[Start of section]

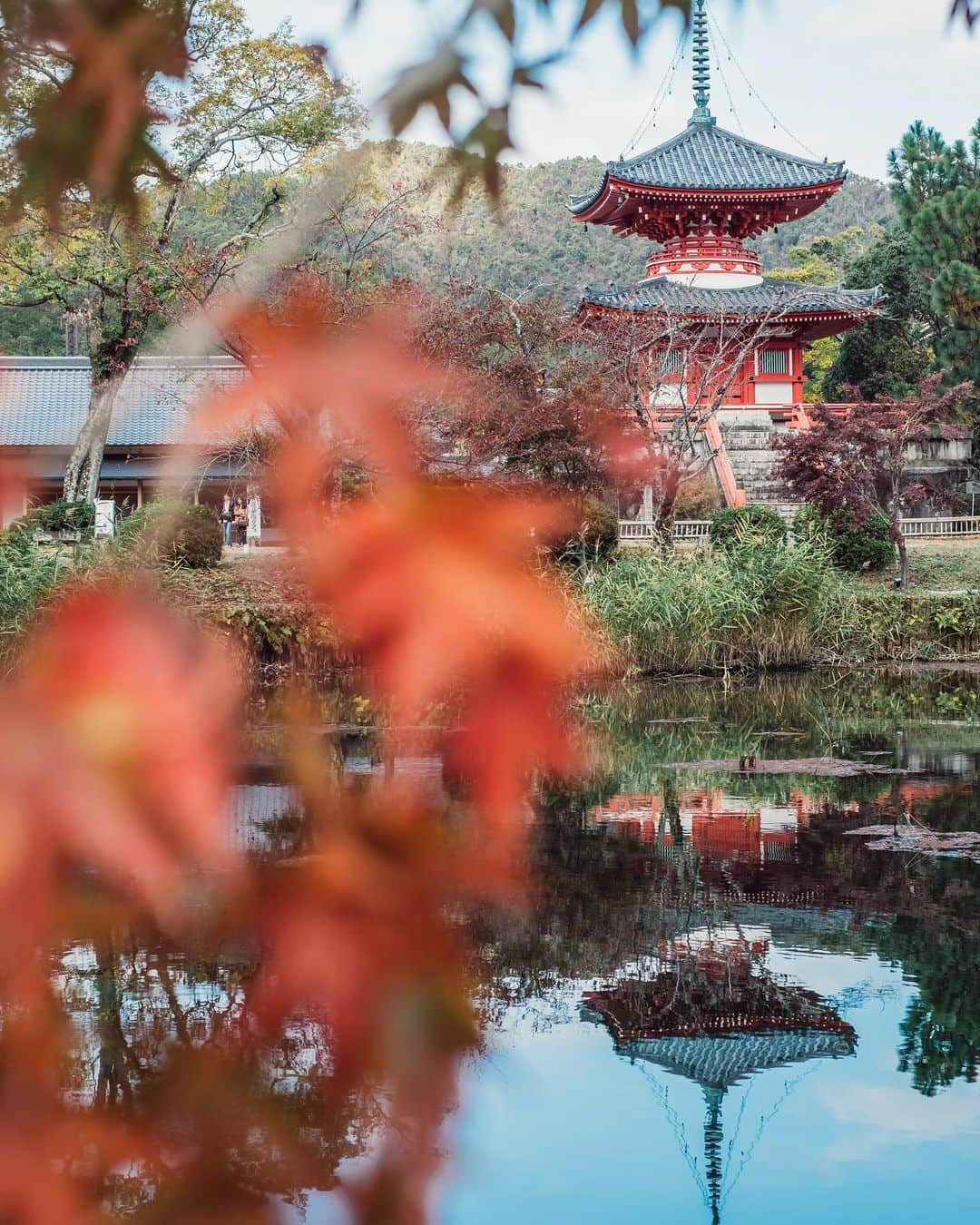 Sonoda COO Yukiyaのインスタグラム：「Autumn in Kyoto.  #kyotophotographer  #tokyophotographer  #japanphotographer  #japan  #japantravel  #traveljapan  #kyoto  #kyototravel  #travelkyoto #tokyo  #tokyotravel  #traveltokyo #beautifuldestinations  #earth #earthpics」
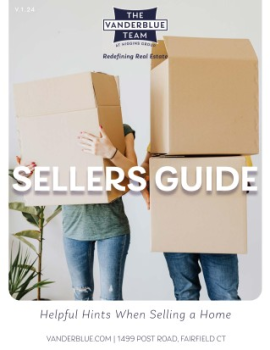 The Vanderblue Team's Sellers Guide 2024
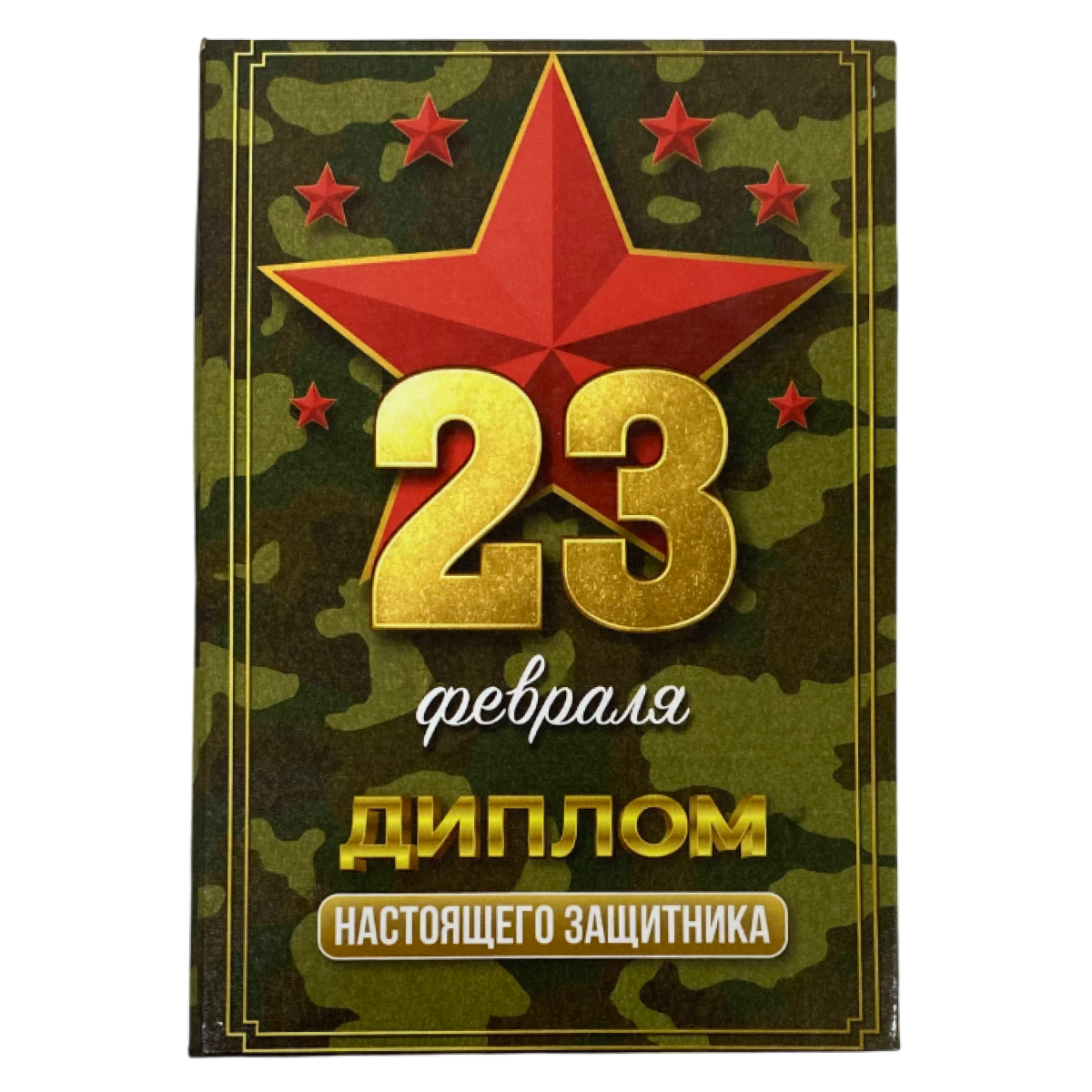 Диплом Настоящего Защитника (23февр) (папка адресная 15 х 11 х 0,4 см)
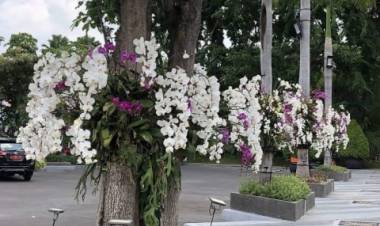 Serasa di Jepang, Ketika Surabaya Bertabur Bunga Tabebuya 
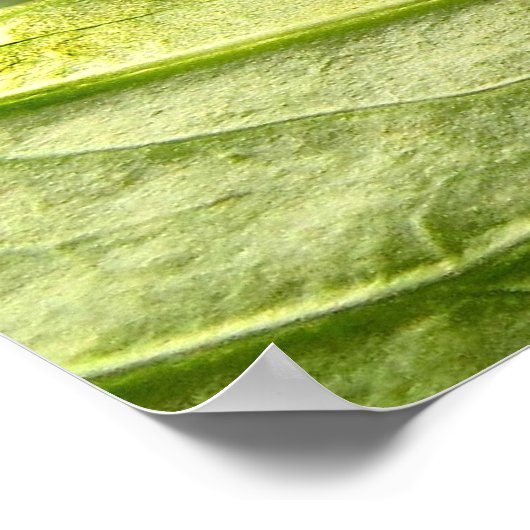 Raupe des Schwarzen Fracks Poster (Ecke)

[End of section]
[Start of section]

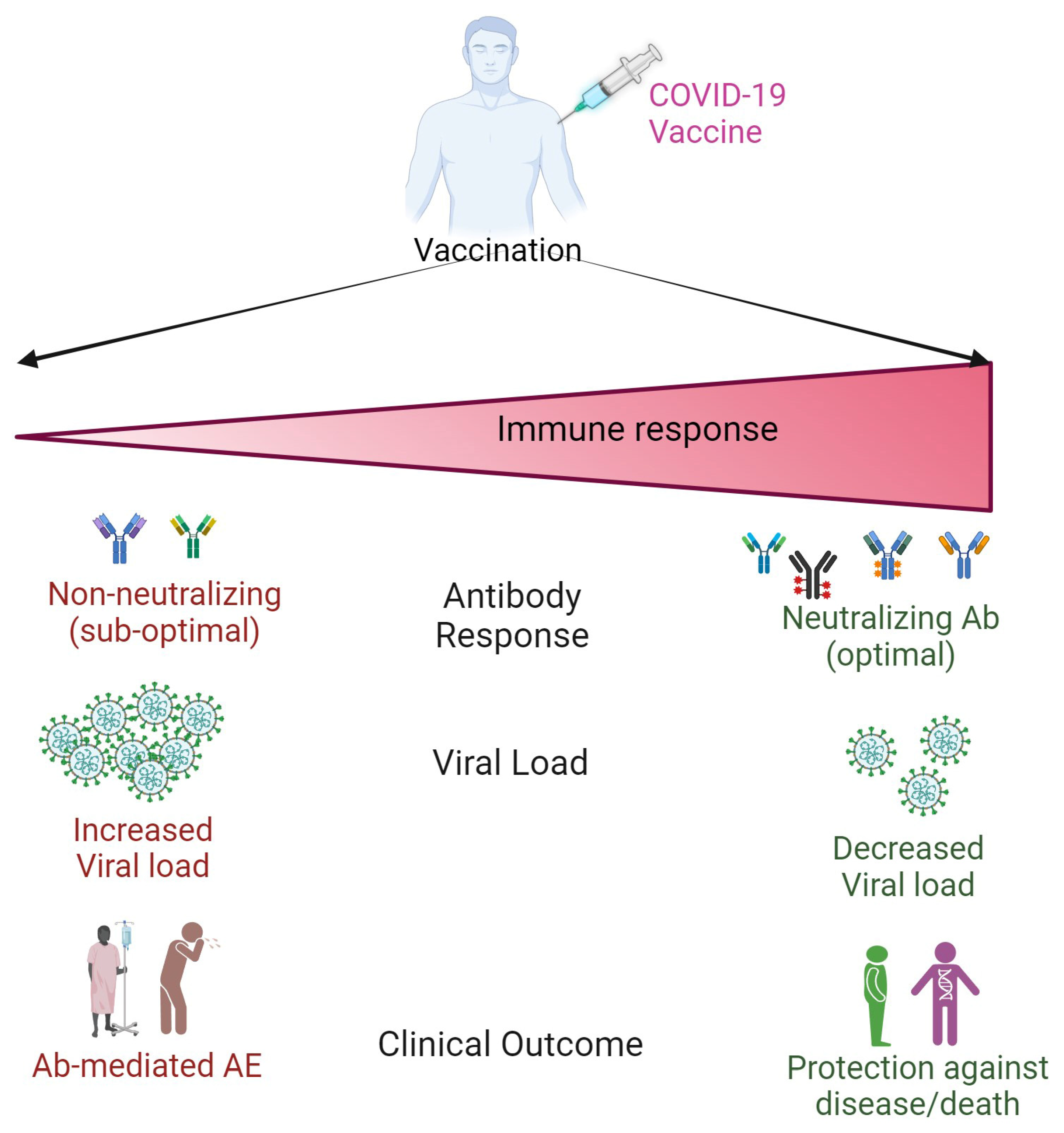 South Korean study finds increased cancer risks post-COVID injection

[End of section]

Print exactly the lines above that run from the one with "Serasa di Jepang, Ketika" to the one with "Raupe des Schwarzen Fracks Poster (Ecke)", both included. No pictures.

#### SOLUTION:
 Serasa di Jepang, Ketika Surabaya Bertabur Bunga Tabebuya 
 Raupe des Schwarzen Fracks Poster (Ecke)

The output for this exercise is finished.